Cuba aside, the president—true to form—has mostly “led from behind” in Latin America. But his policy of benign neglect may actually be paying unexpected dividends by forcing the United States’ southern neighbors to become more assertive. As they do, politics is taking a backseat to civil society in U.S.-Latin American relations. That’s a good thing.

Historically, U.S. policy toward Latin America has oscillated between condescension (who can forget the so-called Good Neighbor Policy of President Franklin Roosevelt or the Alliance for Progress of President Kennedy?) and intervention, the carrot and the stick.
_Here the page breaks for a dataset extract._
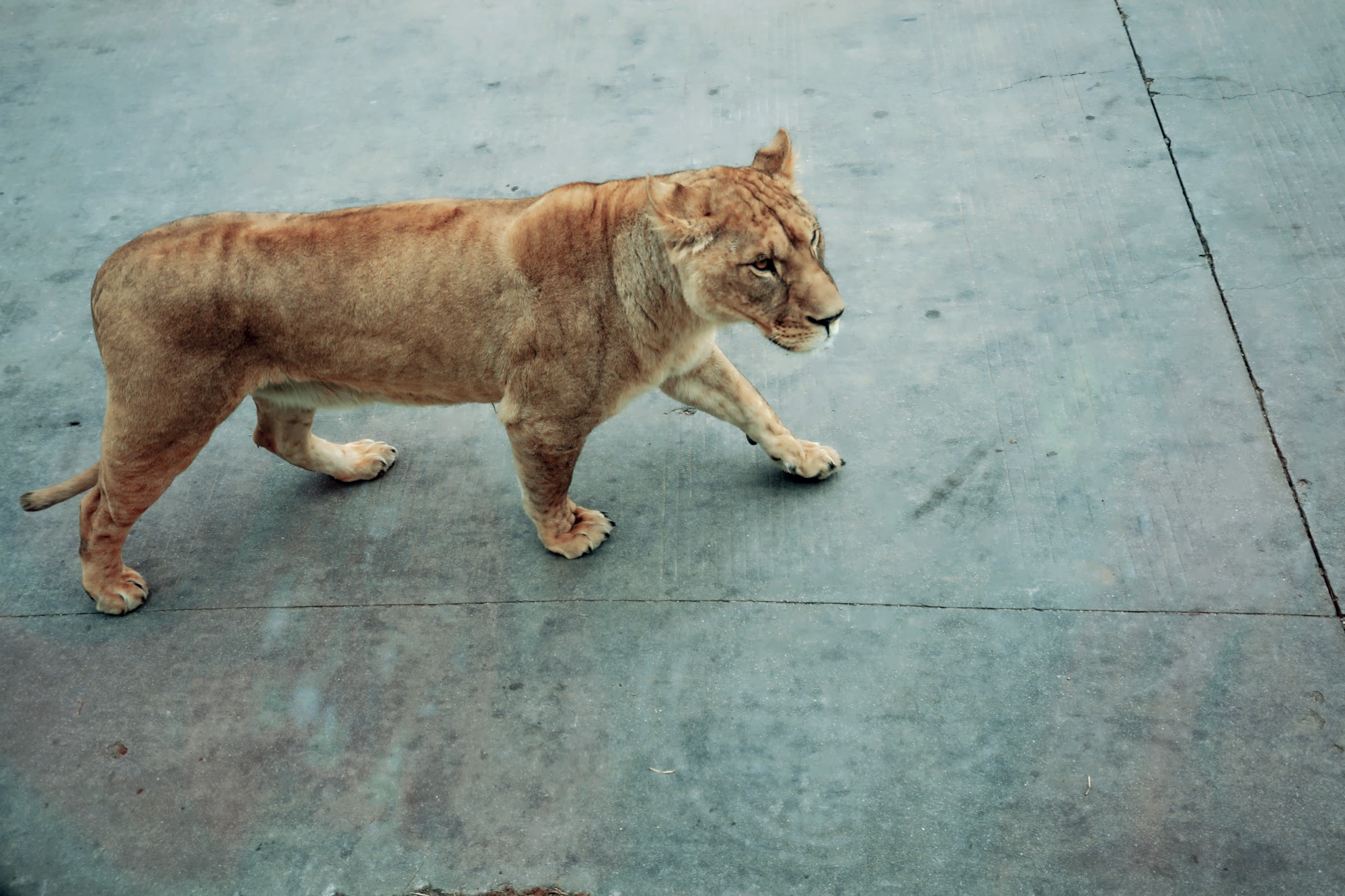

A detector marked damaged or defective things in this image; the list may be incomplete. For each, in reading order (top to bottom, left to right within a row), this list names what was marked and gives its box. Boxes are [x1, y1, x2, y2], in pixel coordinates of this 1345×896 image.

crack in concrete [990, 69, 1114, 92]
crack in concrete [1108, 0, 1340, 618]
crack in concrete [0, 597, 1329, 618]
There are ample examples of both.

Now the emphasis seems to be on trade, investment, remittances and technological transfers rather than policies and programs designed and implemented by bureaucrats and financed by taxpayers.
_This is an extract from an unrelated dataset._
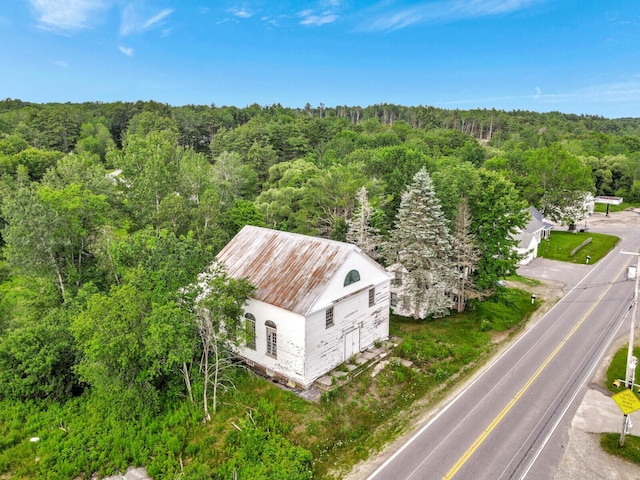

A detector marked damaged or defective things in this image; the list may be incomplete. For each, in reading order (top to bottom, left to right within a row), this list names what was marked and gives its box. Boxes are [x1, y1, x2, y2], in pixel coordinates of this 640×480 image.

Even the War on Drugs, one of the driving forces behind U.S. policy in Latin America for the past several decades, seems to be declining in importance.

The U.S. has spent more than $1 trillion since the 1970s on the unwinnable war, thousands of lives have been lost, democracy and the rule of law have been destabilized and a generationally transmitted resentment against Washington has been stoked because of the drug war.
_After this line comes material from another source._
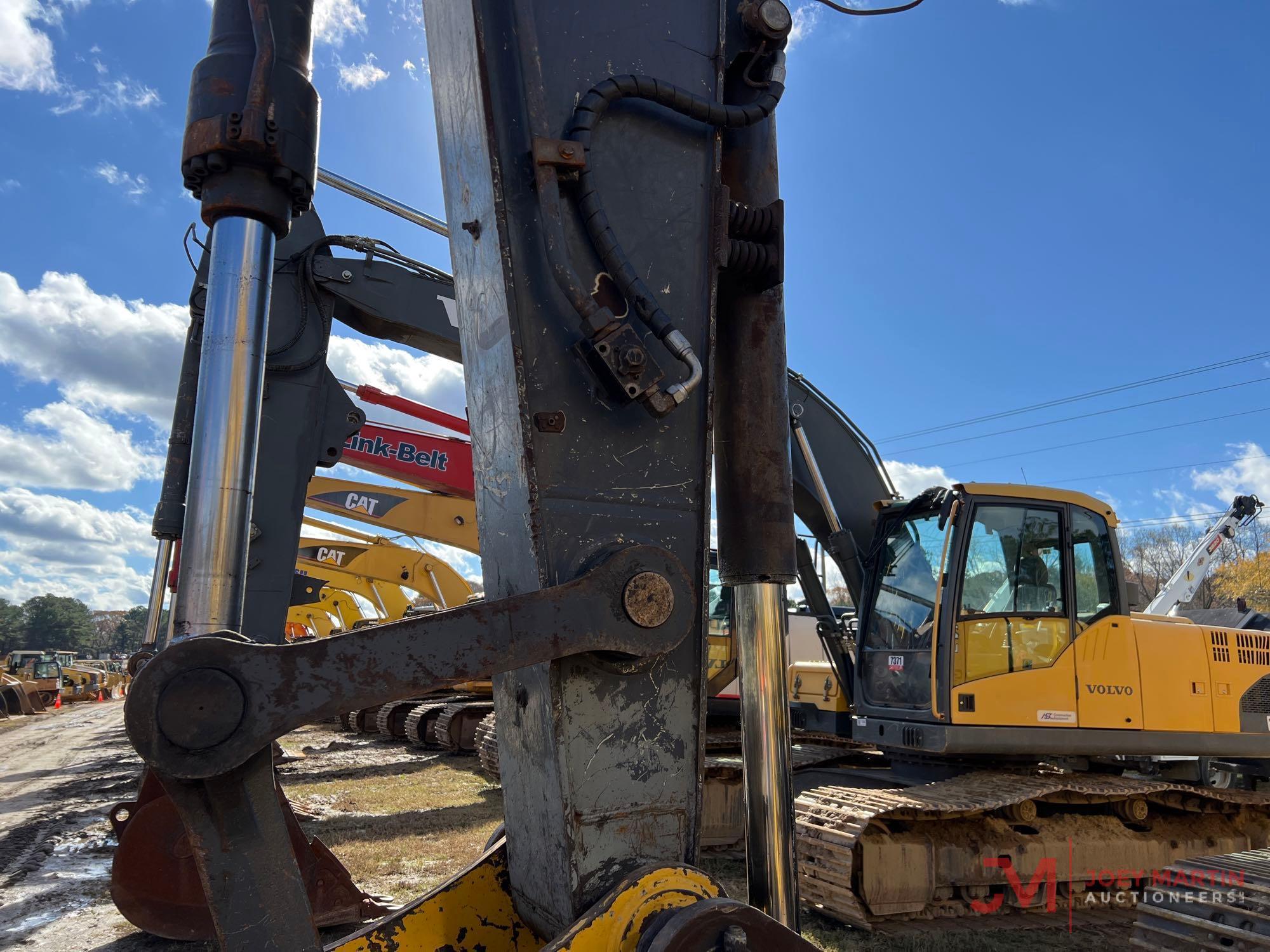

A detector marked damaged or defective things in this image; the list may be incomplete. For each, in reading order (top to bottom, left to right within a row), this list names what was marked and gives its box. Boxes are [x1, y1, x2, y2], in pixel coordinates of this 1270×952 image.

Now, the president’s national drug control budget for fiscal year 2017 calls for just $1.6 billion for international drug control efforts, a nearly $60 million decrease (3.4 percent) from the amount Congress appropriated in fiscal 2016. The policy is still there, but it is being scaled down.

And for good reason. As a panel headed by former presidents Ernesto Zedillo of Mexico, Fernando H. Cardoso of Brazil and Cesar Gaviria of Colombia concluded in 2009, the War on Drugs has been a failure.

Meanwhile, the U.S.‘s economic ties to the region have strengthened. Latin America now represents one-fifth of U.S. foreign commerce, a larger proportion than Europe. Mexico is the U.S.‘s third largest trading partner, while Brazil is number nine. Colombia and Chile are also among the top 25. The U.S. has free trade agreements with a dozen countries in the region. In the last decade, one-third of foreign direct investment in Latin America came from the United States.

While U.S. business ties to the region have been growing, U.S. foreign aid has been declining, dropping 20 percent since 2006. Compared to the approximately $30 billion that American companies invest annually in the region, the $2.6 billion in U.S. economic and military aid is small potatoes.

Some of the aid has become less pernicious, with support going through multilateral agencies to fight corruption. It is said that the U.S. hasn’t done enough against Venezuela’s malignant dictatorship. But Latin American dictatorships are primarily Latin America’s problem and it is up to those countries to deal with it.

That’s what they’re doing. The Organization of American States now has a much more courageous leader, Luis Almagro, a former left-of-center Uruguayan foreign minister, who is leading efforts to use the Inter-American Democratic Charter to pressure Venezuela, an OAS member, to restore judicial independence and human rights.

Meanwhile, Brazil, Argentina, Paraguay and Uruguay are turning up the economic heat, seeking to bar Venezuela from the rotating presidency of the South American common market, called Mercosur, for grossly violating its rules.

This is not to say all is well. Immigration remains a big sticking point, thanks to the wave of xenophobic populism now sweeping across the United States.

It is unclear at this stage who will carry the day and what policy will prevail. But the issue has the potential to poison relations — enabling the world of politics to overshadow the world of commerce and people, where relations have tended to focus during these times of “neglect.”

The truth is that all of the Americas would be strengthened by the free circulation of goods, services, capital, ideas and, some day, even people across the hemisphere. Hold on to that thought.